Литургию служили в девственно-розовом мареве утра. Словно нега неисчислимого сонма розовых лепестков накрыла их своей нежностью, и повозку, возле которой они коленопреклоненно стояли, и улицу у подножия тюремных стен, и тюрьму, и саму Никомедию. И рукотворный кипарисовый крест, пред которым стояли.
– О Владыко, Вседержителю Господи! – вознеся руки к кресту, читал Киприан молитву приветствия. – Призри с небесе на Церковь Твою, на весь народ Твой, и на всю паству Твою. Спаси всех нас, недостойных рабов Твоих, овец стада Твоего. Даруй нам Твой мир, Твою помощь и Твою любовь и пошли нам дар Святаго Твоего Духа, да с чистым сердцем и благой совестью приветствуем друг друга священным лобзанием, без лицемерия и вражды, но в простоте души и чистоте, во едином духе, в союзе мира и любви, в едином теле и духе, в единой вере взывая, в единой надежде нашего призывания, да соединимся в божественной и безмерной любви во Христе Иисусе, Господе нашем, с Ним же благословен еси.

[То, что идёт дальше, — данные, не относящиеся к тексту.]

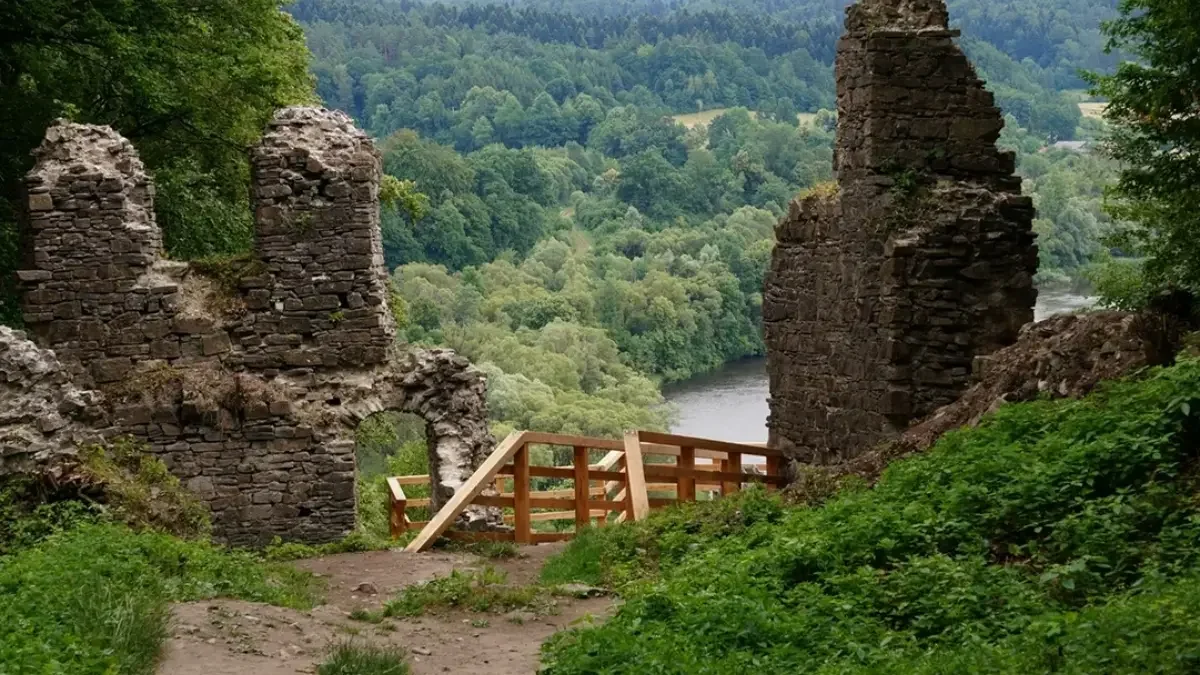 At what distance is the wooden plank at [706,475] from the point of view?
1694cm

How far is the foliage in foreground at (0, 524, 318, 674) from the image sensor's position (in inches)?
385

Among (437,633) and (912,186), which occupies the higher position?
(912,186)

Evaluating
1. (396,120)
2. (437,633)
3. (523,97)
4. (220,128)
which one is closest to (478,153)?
(396,120)

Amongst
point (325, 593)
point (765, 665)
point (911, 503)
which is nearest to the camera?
point (765, 665)

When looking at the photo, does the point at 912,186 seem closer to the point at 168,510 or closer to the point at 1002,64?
the point at 168,510

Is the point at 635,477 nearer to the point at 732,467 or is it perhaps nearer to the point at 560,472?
the point at 560,472

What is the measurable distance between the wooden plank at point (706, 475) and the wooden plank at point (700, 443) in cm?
22

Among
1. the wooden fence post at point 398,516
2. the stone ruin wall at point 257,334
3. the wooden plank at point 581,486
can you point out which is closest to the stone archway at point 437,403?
the stone ruin wall at point 257,334

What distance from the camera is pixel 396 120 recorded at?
95.9m

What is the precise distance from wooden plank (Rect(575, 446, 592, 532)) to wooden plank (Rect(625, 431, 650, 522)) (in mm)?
377

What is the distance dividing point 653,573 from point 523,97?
92385 millimetres

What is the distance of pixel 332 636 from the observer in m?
11.6

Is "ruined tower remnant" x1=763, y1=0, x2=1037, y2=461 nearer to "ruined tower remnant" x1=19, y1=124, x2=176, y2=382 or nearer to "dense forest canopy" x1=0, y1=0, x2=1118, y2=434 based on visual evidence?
"dense forest canopy" x1=0, y1=0, x2=1118, y2=434

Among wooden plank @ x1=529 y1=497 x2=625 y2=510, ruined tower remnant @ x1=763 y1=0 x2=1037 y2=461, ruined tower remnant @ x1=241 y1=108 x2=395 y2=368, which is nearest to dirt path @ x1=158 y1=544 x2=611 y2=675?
wooden plank @ x1=529 y1=497 x2=625 y2=510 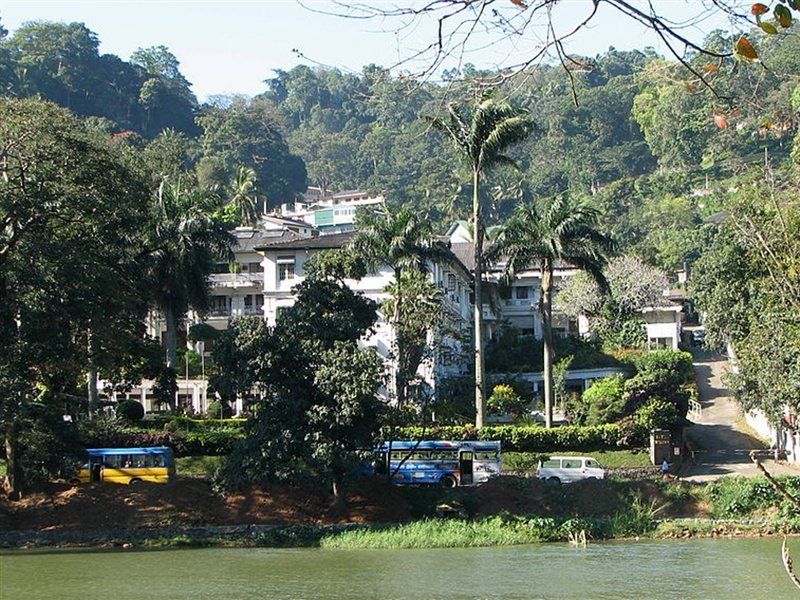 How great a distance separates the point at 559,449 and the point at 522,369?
15174 millimetres

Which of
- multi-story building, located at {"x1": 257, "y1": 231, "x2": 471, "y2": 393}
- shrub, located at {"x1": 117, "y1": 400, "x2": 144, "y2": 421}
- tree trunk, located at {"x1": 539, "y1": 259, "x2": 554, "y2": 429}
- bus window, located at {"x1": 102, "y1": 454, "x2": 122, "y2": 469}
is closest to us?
bus window, located at {"x1": 102, "y1": 454, "x2": 122, "y2": 469}

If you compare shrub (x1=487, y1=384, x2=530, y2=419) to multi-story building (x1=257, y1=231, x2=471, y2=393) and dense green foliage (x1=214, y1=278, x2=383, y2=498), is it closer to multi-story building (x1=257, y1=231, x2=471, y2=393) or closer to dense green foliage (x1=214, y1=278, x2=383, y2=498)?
multi-story building (x1=257, y1=231, x2=471, y2=393)

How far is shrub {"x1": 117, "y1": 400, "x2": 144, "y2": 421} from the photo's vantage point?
44.5 metres

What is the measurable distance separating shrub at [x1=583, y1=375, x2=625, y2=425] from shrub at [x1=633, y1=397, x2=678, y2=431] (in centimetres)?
122

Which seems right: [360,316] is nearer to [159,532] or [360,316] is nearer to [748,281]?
[159,532]

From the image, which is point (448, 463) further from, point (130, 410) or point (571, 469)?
point (130, 410)

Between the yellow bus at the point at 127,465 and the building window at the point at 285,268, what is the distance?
17.0 metres

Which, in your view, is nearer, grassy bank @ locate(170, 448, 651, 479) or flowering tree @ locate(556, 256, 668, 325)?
grassy bank @ locate(170, 448, 651, 479)

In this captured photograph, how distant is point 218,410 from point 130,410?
7.06 m

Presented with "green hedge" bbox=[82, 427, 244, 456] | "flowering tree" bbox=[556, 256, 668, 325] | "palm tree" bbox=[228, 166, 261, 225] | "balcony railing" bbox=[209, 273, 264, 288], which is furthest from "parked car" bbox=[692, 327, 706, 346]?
"green hedge" bbox=[82, 427, 244, 456]

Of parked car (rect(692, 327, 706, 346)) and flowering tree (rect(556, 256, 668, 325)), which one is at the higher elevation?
flowering tree (rect(556, 256, 668, 325))

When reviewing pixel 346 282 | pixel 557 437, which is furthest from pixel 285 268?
pixel 557 437

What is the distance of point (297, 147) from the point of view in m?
150

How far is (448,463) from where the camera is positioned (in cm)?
3928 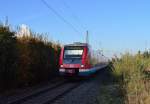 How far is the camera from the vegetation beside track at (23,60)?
20438mm

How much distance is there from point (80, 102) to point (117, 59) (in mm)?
16027

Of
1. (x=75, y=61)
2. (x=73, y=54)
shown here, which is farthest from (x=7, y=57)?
(x=73, y=54)

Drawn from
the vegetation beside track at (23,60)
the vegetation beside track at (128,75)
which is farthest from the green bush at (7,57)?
the vegetation beside track at (128,75)

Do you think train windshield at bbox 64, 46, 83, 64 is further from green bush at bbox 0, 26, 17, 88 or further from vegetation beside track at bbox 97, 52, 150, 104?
green bush at bbox 0, 26, 17, 88

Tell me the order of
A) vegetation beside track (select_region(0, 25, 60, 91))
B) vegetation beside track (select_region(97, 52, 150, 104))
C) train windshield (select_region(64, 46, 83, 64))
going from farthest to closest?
1. train windshield (select_region(64, 46, 83, 64))
2. vegetation beside track (select_region(0, 25, 60, 91))
3. vegetation beside track (select_region(97, 52, 150, 104))

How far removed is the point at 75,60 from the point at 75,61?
76 millimetres

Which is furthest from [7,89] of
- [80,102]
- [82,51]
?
[82,51]

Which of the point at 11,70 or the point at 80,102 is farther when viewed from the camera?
the point at 11,70

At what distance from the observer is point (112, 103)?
50.5ft

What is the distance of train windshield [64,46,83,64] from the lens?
2917cm

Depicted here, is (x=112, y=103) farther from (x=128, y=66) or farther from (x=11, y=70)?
(x=128, y=66)

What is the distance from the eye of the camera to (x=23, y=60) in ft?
76.1

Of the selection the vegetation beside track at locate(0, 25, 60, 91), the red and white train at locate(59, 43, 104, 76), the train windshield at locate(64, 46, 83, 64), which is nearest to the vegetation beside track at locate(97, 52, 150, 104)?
the red and white train at locate(59, 43, 104, 76)

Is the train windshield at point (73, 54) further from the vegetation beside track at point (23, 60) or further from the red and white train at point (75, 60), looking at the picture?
the vegetation beside track at point (23, 60) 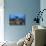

Полбяная лепешка вчерашняя, заветренная и подсохшая, остатки вина кабацкого, совсем дешевого, разбавленного водой, накидка бедная, потрепанная, под солнцем выцветшая – ныне словно плат – вот они, Тайны Святые, над которыми стоял теперь епископ, крестил звездно в ожидании сошествия на них Святого Духа.
– Воистину небо и земля полны славы Твоея через явление Господа, и Бога, и Спаса нашего Иисуса Христа, – взывал к Господу Киприан. – Исполни, Боже, жертву сию благословением Твоим чрез наитие Твоего всесвятаго Духа.
Яко Сам Господь, Бог наш и Царь всех Иисус Христос на вечери в ночь, в нюже предал Себя за грехи наши и умер плотию за всех, взял хлеб во Свои святые, пречистые и непорочные руки, возвел очи ко Отцу Своему, Богу нашему и Богу всяческих, возблагодарил, благословил, освятил и преломил хлеб, подал его святым Своим, и блаженным ученикам, и апостолам, возгласив… – Тут литургический чин требовал от него возглашения, но горло перехватило душно, и слезы полились из его глаз в понимании, что это последняя его земная литургия.
– Примите, ядите, – проговорил Киприан. Перекрестился. Указуя на лепешку, произнес: – Сие есть Тело Мое, еже за вас ломимое и разделяемое во оставление грехов.